Try it: From the line containing "Aufschrift an der" through the last line of the records, print every line exactly and nothing more.

**** Information

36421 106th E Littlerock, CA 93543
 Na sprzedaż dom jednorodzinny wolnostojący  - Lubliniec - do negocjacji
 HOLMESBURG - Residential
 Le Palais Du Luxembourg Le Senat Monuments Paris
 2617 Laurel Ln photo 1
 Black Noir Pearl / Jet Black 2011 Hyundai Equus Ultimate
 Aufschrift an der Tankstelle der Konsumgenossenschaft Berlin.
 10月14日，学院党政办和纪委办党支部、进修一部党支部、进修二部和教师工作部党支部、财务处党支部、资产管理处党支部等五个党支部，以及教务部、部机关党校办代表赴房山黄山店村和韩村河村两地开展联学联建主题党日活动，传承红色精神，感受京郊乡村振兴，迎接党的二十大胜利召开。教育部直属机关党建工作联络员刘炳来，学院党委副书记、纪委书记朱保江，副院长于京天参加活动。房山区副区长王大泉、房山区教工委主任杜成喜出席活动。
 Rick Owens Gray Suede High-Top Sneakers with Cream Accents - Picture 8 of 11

********

Finished task:
 Aufschrift an der Tankstelle der Konsumgenossenschaft Berlin.
 10月14日，学院党政办和纪委办党支部、进修一部党支部、进修二部和教师工作部党支部、财务处党支部、资产管理处党支部等五个党支部，以及教务部、部机关党校办代表赴房山黄山店村和韩村河村两地开展联学联建主题党日活动，传承红色精神，感受京郊乡村振兴，迎接党的二十大胜利召开。教育部直属机关党建工作联络员刘炳来，学院党委副书记、纪委书记朱保江，副院长于京天参加活动。房山区副区长王大泉、房山区教工委主任杜成喜出席活动。
 Rick Owens Gray Suede High-Top Sneakers with Cream Accents - Picture 8 of 11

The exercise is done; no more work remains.